Cette prudence doit également être comprise à la lumière de la présidence philippine. Manille a pris la tête de l'ASEAN à un moment particulièrement délicat. Sur le plan extérieur, le pays continue de faire face à des tensions récurrentes avec Pékin en mer de Chine méridionale tout en renforçant sa coopération en matière de défense avec les États-Unis. Sur le plan intérieur, la politique philippine traverse une période de forte polarisation institutionnelle, rendant encore plus complexe la direction d'une organisation dont la principale caractéristique demeure la recherche du consensus entre des pays aux intérêts stratégiques souvent divergents.


C'est dans ce contexte que les nouvelles lignes directrices du TAC prennent toute leur importance. Ce mécanisme élargit les possibilités de coopération entre l'ASEAN et les pays ayant adhéré au traité sans disposer encore d'un partenariat formel avec le bloc. L'Arabie saoudite, le Qatar, l'Iran, l'Argentine, le Bangladesh, l'Égypte, la Serbie, l'Ukraine et d'autres signataires disposent désormais d'un canal institutionnel leur permettant de proposer des projets conformes aux priorités définies par l'ASEAN, dans le respect des principes du traité. Ces initiatives restent volontaires, dépendent de l'approbation des organes de l'ASEAN et ne modifient pas le statut politique de ces pays au sein de l'organisation, préservant ainsi l'autonomie décisionnelle du bloc.


Dans un contexte de fragmentation géopolitique et économique, l'ASEAN cherche à renforcer sa capacité d'action internationale sans compromettre l'équilibre qui soutient sa diplomatie. En ouvrant la voie à des projets spécifiques avec des pays issus de différentes régions, dont plusieurs sont engagés dans des différends ou adoptent des positions divergentes dans l'ordre international, le bloc renforce sa vocation de plateforme de dialogue et de coopération, tout en réduisant la nécessité de classer ses partenaires selon des catégories rigides d'alignement politique.

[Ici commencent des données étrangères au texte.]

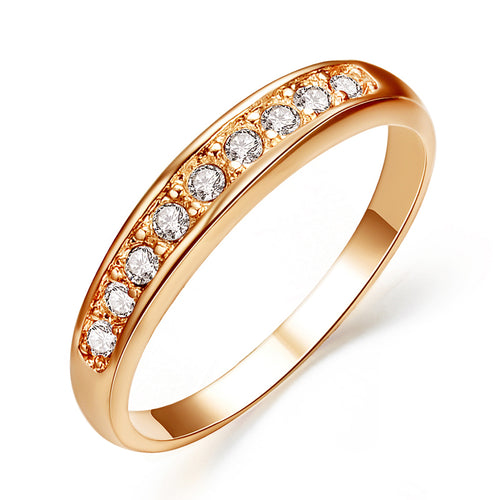 Rose Gold Rhinestones Anniversary Band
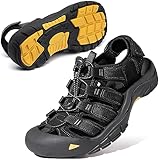 [MERPHINE] スポーツ サンダル メンズ 水陸両用 アウトドアサンダル サンダルスニーカー スポーツさんだる ウォーターサンダル 男性さんだる おしゃれ 夏用 キャンプ 登山 川 海 軽量 防滑 グレイブラック 27.5cm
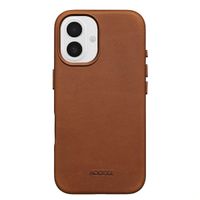 Accezz Vintage Leather MagSafe Back Cover für das Apple iPhone 16 - Tabacco Cognac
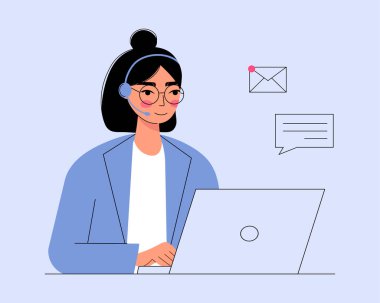 Laptoplu, kulaklıklı ve mikrofonlu kadın. Düz stil, çizgi film karakteri. Çevrimiçi Müşteri Desteği ve Yardım Masası konsepti.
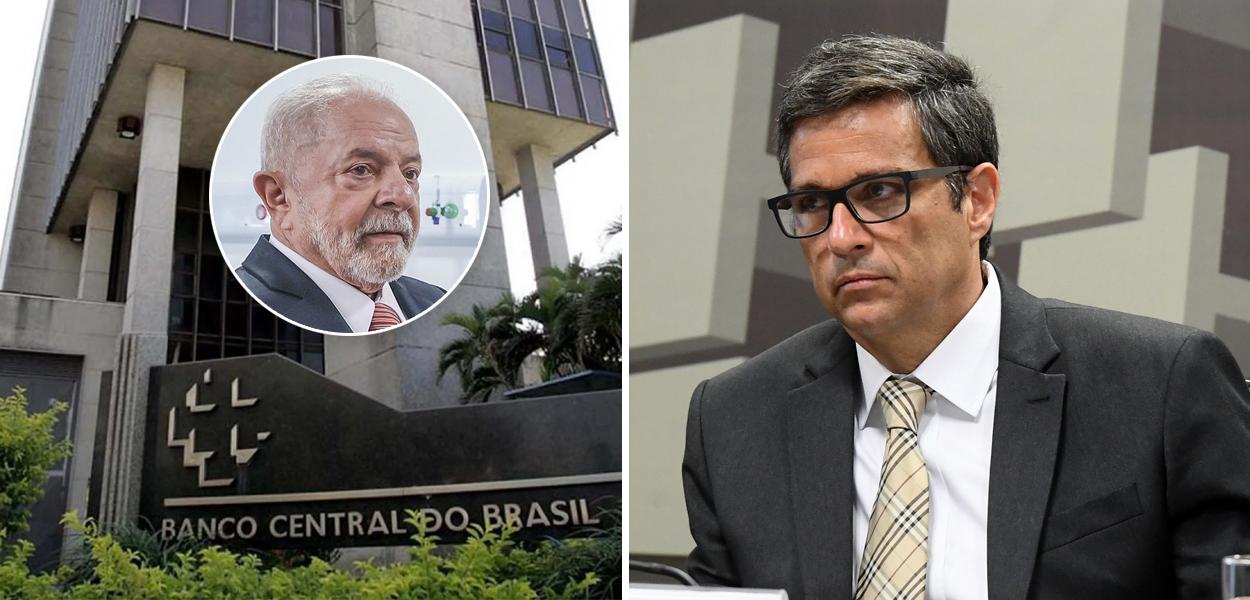 Luiz Inácio Lula da Silva (círculo) e Roberto Campos Neto, presidente do Banco Central (BC)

Pour le Brésil, cette évolution mérite une attention particulière. Bien qu'il ne soit pas encore un partenaire officiel de l'ASEAN, le pays est signataire du Traité d'amitié et de coopération, ce qui lui ouvre désormais de nouvelles possibilités de rapprochement institutionnel. En pratique, Brasilia pourra proposer des projets dans des domaines d'intérêt commun sans devoir négocier un partenariat stratégique global, un processus généralement plus long et plus complexe. Des secteurs tels que la bioénergie, l'agriculture tropicale, la sécurité alimentaire, les infrastructures, la transformation numérique, les minéraux critiques, la transition énergétique et la coopération scientifique présentent un fort potentiel de convergence avec les priorités définies par l'ASEAN pour la prochaine décennie. À un moment où le gouvernement brésilien cherche à diversifier ses partenaires économiques, à renforcer sa présence dans l'Indo-Pacifique et à consolider son insertion auprès du Sud global, ce nouveau mécanisme constitue une opportunité concrète d'approfondir les relations avec une région appelée à concentrer une part importante de la croissance économique mondiale au cours des prochaines décennies. Ces lignes directrices élargissent les options diplomatiques offertes aux pays souhaitant construire un agenda de coopération de long terme avec l'ASEAN, tout en préservant la flexibilité qui caractérise la politique étrangère du bloc.